Bem esteve Richard Zimler quando, a propósito do aniversário que acabou com a exclusão do casamento entre pessoas de sexo diferente na lei portuguesa, disse ainda aguardar o pedido de desculpa de alguns deputados que então votaram contra. Certamente, todos quantos hoje percebem que apenas se eliminou um estúpido entrave aos sonhos de alguém, mas em tempos lutaram para que a alteração à lei não passasse.

 

Não se pode confundir apedrejar ou punir criminalmente um ser humano porque é gay ou com não lhe permitir o reconhecimento do casamento. E também não se pode confundir não pretender o reconhecimento de uma união entre pessoas do mesmo sexo, ou diabolizá-la, com o pretender chamar-lhe outra coisa, como: «união civil», seja por motivos religiosos, conservadores, intelectuais ou alquímicos. Porém trata-se sempre de faces da discriminação.

 

O simples facto de se pretender reservar o casamento para contratos entre pessoas de sexo diferente e relegar uniões entre pessoas do mesmo sexo para uma «união civil» é, em si mesmo, discriminatório. É a igualdade caridade, aquela que pretende o agradecimento de alguém vulnerável porque já lhe foi dado muito, como se não fosse direito próprio não ser discriminado ou ver reconhecidos o seu direito à igualdade. E esta acepção de não inclusão, de inclusão com condições, não muda porque se preveja ou não uma mudança gradual, um adaptar da moral ou pensamento social a esta abertura legislativa.

 

Em Portugal eliminou-se a discriminação legal e nenhum mal veio ao mundo, não houve qualquer convulsão social, as pessoas limitaram-se a não se meter no casamento dos outros (sempre e quando não estejamos a falar de violência física, psicológica ou de coarctar a liberdade e autodeterminação de alguém), cada um casa com quer, porque pode.

 

Pretender, pois, a reserva de «casamento» para uniões entre pessoas de sexo diferente é uma discriminação, um perpetuar de desigualdades.

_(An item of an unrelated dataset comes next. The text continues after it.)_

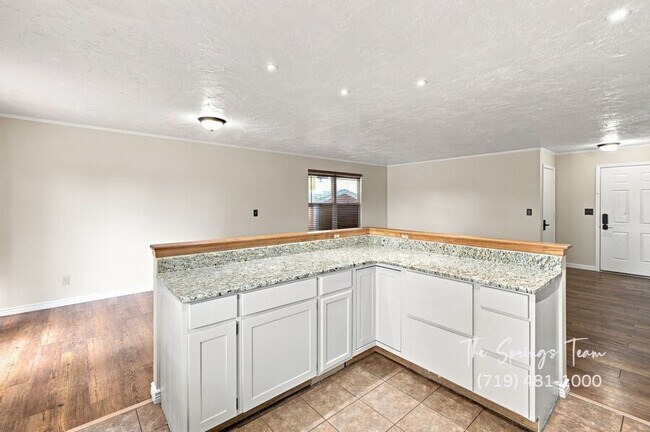 Building Photo - 3060 Maverick Dr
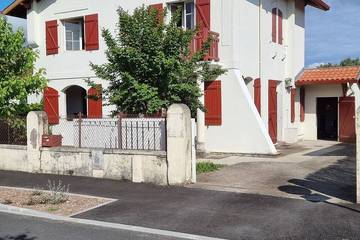 Gîte pour 6 personnes, avec jardin et balcon à Saint-Vincent-de-Tyrosse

É reconhecer que o outro tem direitos, mas um bocadinho menos iguais, para que não se perca a tónica da diferença, da desigualdade, para que a maioria tenha redutos só seus, privilégios e redutos de normalidade?

 

Porém, é absolutamente indiferente se o agente da conduta discriminatória é homossexual ou heterossexual. Discriminar é atentar contra a igualdade, é ser intolerante mesmo que se pregue a tolerância.

 

Havia escravos que lutavam apenas pelo direito dos libertos a ser plenos cidadãos, e apenas contra determinados castigos, não acreditavam os próprios no seu direito a ser livres. Sempre houve naturais de países colonizados que não pretendiam a independência, convivemos (diariamente) com o machismo no feminino, a Mutilação Genital Feminina é, na maioria das sociedades em que se pratica, uma prática feminina, nas comunidades ciganas (também em Portugal) são as mulheres anciãs quem, com um pano, viola as meninas para as saber de hímen intacto e provocar o sangramento.

 

Pensar que por ser gay um ser humano é avesso à desigualdade ou é propulsor de igualdade é ter um filtro de desigualdade e ilusão, é estar imerso em fantasia pseudo-urbana. A igualdade, a inclusão, a tolerância, o respeito pelo reconhecimento (de forma positiva e activa) de que todos nascemos iguais em dignidade, liberdade e direitos não é hetero nem LGBTQIA+, é um imperativo ético que não exclui nenhum ser humano, mas do qual muitos se excuem.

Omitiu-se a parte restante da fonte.